But how do we reduce the amount of heat we receive from the Sun? The two most obvious options are to somehow block the light or to move the Earth further out, into a cooler orbit.

Blocking the light and heat could involve painting large areas of the surface white, to reflect it back into space. Finding some way to re-freeze our poles and glaciers would also be a big help.

You want an engineering challenge? How about attaching radiator fins to the Earth? The space elevator is a well-known concept—a thread of unreasonably strong material anchored at the equator and extending up to geostationary orbit, allowing easy travel to and from the surface. But what happens if we add superconducting cables to the design, and a huge radiator fin to the top, allowing heat to be leeched from the atmosphere and dispersed into space?

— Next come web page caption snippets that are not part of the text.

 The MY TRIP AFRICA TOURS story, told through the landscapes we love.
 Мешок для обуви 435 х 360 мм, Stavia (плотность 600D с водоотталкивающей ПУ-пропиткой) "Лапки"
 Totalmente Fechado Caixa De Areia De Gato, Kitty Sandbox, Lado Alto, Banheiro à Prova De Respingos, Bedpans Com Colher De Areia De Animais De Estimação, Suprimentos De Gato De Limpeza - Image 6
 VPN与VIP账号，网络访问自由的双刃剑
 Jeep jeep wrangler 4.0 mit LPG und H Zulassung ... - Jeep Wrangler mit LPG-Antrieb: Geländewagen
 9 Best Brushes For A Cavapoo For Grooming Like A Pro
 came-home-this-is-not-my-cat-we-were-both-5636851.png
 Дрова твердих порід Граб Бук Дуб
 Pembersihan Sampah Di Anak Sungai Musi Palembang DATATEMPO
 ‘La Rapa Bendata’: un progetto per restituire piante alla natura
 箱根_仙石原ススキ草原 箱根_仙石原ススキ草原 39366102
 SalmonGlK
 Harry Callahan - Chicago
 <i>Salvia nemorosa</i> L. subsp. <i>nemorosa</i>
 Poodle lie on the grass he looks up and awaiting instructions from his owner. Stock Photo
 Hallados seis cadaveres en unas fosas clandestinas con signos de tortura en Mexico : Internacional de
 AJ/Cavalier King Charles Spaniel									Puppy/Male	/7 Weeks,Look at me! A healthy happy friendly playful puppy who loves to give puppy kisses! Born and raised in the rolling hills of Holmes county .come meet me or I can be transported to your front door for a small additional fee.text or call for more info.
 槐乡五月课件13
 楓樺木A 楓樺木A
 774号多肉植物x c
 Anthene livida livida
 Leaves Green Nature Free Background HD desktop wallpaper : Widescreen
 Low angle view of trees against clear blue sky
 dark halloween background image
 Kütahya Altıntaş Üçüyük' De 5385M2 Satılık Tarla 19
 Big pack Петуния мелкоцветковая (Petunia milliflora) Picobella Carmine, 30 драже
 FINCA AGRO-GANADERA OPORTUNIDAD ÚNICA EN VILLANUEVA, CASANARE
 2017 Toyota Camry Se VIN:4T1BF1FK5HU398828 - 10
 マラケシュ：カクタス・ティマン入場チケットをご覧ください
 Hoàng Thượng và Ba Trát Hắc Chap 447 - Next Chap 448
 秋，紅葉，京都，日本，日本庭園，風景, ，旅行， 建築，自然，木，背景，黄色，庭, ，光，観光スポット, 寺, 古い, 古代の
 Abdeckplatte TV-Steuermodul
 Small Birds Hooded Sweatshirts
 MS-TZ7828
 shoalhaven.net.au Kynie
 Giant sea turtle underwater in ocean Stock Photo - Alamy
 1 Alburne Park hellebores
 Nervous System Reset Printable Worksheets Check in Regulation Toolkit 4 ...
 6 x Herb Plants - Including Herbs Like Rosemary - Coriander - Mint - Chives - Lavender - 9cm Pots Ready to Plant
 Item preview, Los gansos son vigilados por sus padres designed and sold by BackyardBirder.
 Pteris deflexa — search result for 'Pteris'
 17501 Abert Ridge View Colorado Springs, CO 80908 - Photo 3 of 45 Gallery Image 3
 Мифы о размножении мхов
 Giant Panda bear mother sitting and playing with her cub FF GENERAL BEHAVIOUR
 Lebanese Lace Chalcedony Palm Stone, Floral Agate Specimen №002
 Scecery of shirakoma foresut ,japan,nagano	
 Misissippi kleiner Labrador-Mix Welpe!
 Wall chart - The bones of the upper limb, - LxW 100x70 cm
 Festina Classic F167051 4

Vacuum is a great insulator, but there must be some way to bleed away the heat, even if we convert it into the energy to power a laser that fires it off into space. Although the idea of a powerful space laser falling into the wrong hands sounds like the plot of one of the more outlandish Bond films.

Or how about installing a huge mirror between the Earth and the Sun, like a gigantic parasol that could shade large portions of the planet from its full glare? Keeping it in place would be a challenge, as it would catch the solar wind like a sail, but it’s not beyond the realms of possibility. A cloud of reflective dust would have a similar effect, but probably be even harder to control.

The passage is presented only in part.